I decided to make new cylinders - this time using the 4-jaw chuck on the lathe for the offsets, and after part-way drilling the 5.9mm center hole, I could see the drill bit starting to flex around :wall:. This does not happen on my lathe often, so I took a good look at the drill bit, and the cutting tip was damaged on one web; most likely the cause for the failure in the mill as well. I only have this one 5.9 mm drill bit, and store it together with the reamer; one of my "matched pairs" Time for a new one - make that a couple.

I nearly gave up shop time for today in disgust then, but then an idea hit me; seeing as the original cylinders was basically bust after a fair bit of work has gone into them, I decided to try a recovery. Their center holes were OK, so that's not a problem. I carefully chucked up each one in turn on the RT again - picking up a reference from the old holes, and drilled and reamed new cylinder holes in between the old ones. Instead of just center drilling and running through with the damaged 5.9mm drill bit, I center drilled, drilled 5mm and then 5.9mm. I didn't ream the holes on the mill though - after finishing both cylinders, I put a piece of 6mm silver steel through the center holes, and lined up one set of the new holes by jamming the 5.9mm drill into them. Then I hand-reamed the two open cylinders out to 6mm, and shoved a piston into each; these still went in a bit stiffly. Then I removed the drill bit, and manually reamed out that hole as well. Then I chucked the reamer in the collet chuck on the lathe, and ran trough all the holes each in turn again to open up the cylinder bores a whisker more - keeping pistons in all the holes not being reamed.
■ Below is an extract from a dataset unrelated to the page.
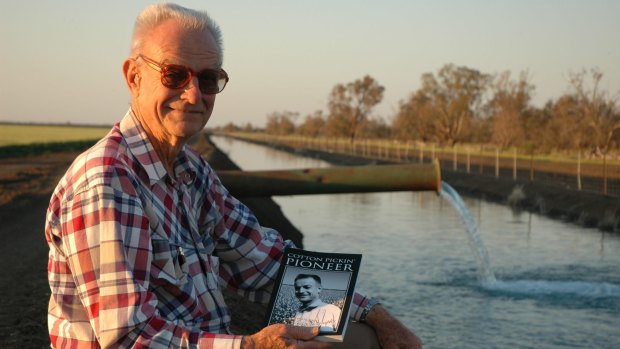 Paul Kahl with his autobiography, <i>Cotton Pickin' Pioneer</i> (2006), at one of his Wee Waa district properties.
I did this reaming by holding the assembly by hand, as I felt it safe enough to do so once the initial hand reaming had opened up things. 




It seems to have worked ;D - the pistons slide easily through the bores, and nothing looks like it wants to jam up any more. 

I'm in two minds whether I want to make a new set of cylinder blocks or use these - a bit of brass loctited into each of the stuffed holes might just do the job of plugging the holes and adding some visual appeal, otherwise I'll drill out the holes in the cylinder blocks to make desk pen-stands from and make new cylinder blocks 

Regards, Arnold


----------



## SBWHART (Oct 25, 2010)

I'd give the cylinders a try, if you have a problem it's not a big job to remake when you've got a new drill.

I think you'll have a runner.

Stew


----------



## Deanofid (Oct 25, 2010)

I'll be watching, Arnold, and sticking around for moral support!


----------



## arnoldb (Oct 26, 2010)

Thanks Stew; I'll give the cylinders a go as-is with plugs in the extra holes. It WILL be a runner - even if I have to re-make or bodge some things and go more insane than I am in the process :big:

Thank you Dean ;D ; by all accounts this one needs moral support!

I stole 30 minutes after work for some shop time & turned up the axle pins from some 8mm hex brass. 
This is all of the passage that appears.